The problem ->
Write out again, please, the records below from the first line to the line holding "Digelar Dua Hari, Masyarakat", inclusive, and nothing else.

Dataset extract ->
-- Opening Marker --

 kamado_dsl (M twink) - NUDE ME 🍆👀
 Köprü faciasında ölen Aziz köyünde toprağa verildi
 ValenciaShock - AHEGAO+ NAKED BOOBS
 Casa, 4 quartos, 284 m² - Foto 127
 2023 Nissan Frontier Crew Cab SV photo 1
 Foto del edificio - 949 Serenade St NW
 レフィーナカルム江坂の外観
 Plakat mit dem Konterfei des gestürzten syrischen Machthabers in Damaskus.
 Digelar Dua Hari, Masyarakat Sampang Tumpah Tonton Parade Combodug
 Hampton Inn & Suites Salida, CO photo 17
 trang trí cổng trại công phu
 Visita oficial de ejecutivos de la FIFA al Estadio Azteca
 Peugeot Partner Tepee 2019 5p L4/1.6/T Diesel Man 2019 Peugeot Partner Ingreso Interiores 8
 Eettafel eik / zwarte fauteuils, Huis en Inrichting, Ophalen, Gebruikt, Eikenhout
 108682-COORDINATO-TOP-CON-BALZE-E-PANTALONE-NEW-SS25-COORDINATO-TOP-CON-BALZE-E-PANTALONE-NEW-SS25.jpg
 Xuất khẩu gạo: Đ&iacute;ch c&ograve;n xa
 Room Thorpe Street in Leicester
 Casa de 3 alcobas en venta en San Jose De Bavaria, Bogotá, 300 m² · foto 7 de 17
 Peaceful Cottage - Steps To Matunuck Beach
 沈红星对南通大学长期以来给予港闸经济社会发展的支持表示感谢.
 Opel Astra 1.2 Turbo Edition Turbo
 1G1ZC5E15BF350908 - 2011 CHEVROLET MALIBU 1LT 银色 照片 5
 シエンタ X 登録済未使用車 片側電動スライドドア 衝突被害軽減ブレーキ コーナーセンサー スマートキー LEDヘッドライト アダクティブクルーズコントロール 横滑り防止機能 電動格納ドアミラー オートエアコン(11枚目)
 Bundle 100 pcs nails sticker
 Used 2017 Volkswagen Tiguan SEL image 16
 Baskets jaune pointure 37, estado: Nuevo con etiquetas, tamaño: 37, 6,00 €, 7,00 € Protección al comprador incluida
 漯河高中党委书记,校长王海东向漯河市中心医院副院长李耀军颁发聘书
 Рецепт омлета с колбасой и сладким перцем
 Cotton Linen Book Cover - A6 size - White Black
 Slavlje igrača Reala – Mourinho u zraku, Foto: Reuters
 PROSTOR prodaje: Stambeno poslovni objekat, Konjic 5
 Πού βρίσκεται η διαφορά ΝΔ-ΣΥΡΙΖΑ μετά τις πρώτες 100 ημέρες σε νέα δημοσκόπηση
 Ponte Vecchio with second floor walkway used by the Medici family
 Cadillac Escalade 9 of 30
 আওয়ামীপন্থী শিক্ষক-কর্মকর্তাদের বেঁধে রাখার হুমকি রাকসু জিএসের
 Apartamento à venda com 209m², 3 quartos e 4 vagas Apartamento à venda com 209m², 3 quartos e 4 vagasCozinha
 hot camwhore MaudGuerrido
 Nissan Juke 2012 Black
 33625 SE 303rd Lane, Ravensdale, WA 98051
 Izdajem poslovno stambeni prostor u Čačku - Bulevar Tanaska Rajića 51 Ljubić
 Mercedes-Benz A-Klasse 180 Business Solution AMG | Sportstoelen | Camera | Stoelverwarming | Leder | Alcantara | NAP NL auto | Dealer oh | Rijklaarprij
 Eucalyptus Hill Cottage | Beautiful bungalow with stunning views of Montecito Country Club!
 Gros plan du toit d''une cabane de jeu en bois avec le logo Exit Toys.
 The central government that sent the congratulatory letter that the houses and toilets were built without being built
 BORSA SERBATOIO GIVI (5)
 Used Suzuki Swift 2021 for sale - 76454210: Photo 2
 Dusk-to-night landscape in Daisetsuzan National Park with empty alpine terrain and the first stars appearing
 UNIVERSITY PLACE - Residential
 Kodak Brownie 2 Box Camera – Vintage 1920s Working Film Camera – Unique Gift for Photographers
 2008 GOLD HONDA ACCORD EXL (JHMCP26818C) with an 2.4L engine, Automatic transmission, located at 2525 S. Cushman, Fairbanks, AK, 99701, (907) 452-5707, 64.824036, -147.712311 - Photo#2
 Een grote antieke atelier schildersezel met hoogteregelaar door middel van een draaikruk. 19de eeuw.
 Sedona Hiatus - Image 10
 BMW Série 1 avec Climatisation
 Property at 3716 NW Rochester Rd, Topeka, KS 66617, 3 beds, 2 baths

-- Closing Marker --

Worked solution ->
 kamado_dsl (M twink) - NUDE ME 🍆👀
 Köprü faciasında ölen Aziz köyünde toprağa verildi
 ValenciaShock - AHEGAO+ NAKED BOOBS
 Casa, 4 quartos, 284 m² - Foto 127
 2023 Nissan Frontier Crew Cab SV photo 1
 Foto del edificio - 949 Serenade St NW
 レフィーナカルム江坂の外観
 Plakat mit dem Konterfei des gestürzten syrischen Machthabers in Damaskus.
 Digelar Dua Hari, Masyarakat Sampang Tumpah Tonton Parade Combodug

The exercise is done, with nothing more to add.